# [Requirement]
Take the entries that follow and return exactly the lines from the one holding "IJs - Citroen" through the one holding "ZHANGDI NEW double-purpose", both included. Nothing else is needed.

# [Dataset content]
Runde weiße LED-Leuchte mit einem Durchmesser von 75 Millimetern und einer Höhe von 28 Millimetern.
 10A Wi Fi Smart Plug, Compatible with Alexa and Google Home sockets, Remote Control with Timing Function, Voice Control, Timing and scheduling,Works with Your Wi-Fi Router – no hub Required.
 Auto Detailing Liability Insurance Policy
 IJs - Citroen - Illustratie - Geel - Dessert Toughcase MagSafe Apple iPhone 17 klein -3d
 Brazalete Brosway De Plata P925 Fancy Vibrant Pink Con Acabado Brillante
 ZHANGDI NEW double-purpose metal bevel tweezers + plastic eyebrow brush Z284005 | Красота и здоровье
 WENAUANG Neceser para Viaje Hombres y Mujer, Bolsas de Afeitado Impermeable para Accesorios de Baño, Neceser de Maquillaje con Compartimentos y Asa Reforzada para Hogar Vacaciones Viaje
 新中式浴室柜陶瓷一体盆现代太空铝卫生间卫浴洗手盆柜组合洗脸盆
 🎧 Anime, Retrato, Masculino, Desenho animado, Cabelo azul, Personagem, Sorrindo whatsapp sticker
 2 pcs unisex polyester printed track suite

# [Task output]
 IJs - Citroen - Illustratie - Geel - Dessert Toughcase MagSafe Apple iPhone 17 klein -3d
 Brazalete Brosway De Plata P925 Fancy Vibrant Pink Con Acabado Brillante
 ZHANGDI NEW double-purpose metal bevel tweezers + plastic eyebrow brush Z284005 | Красота и здоровье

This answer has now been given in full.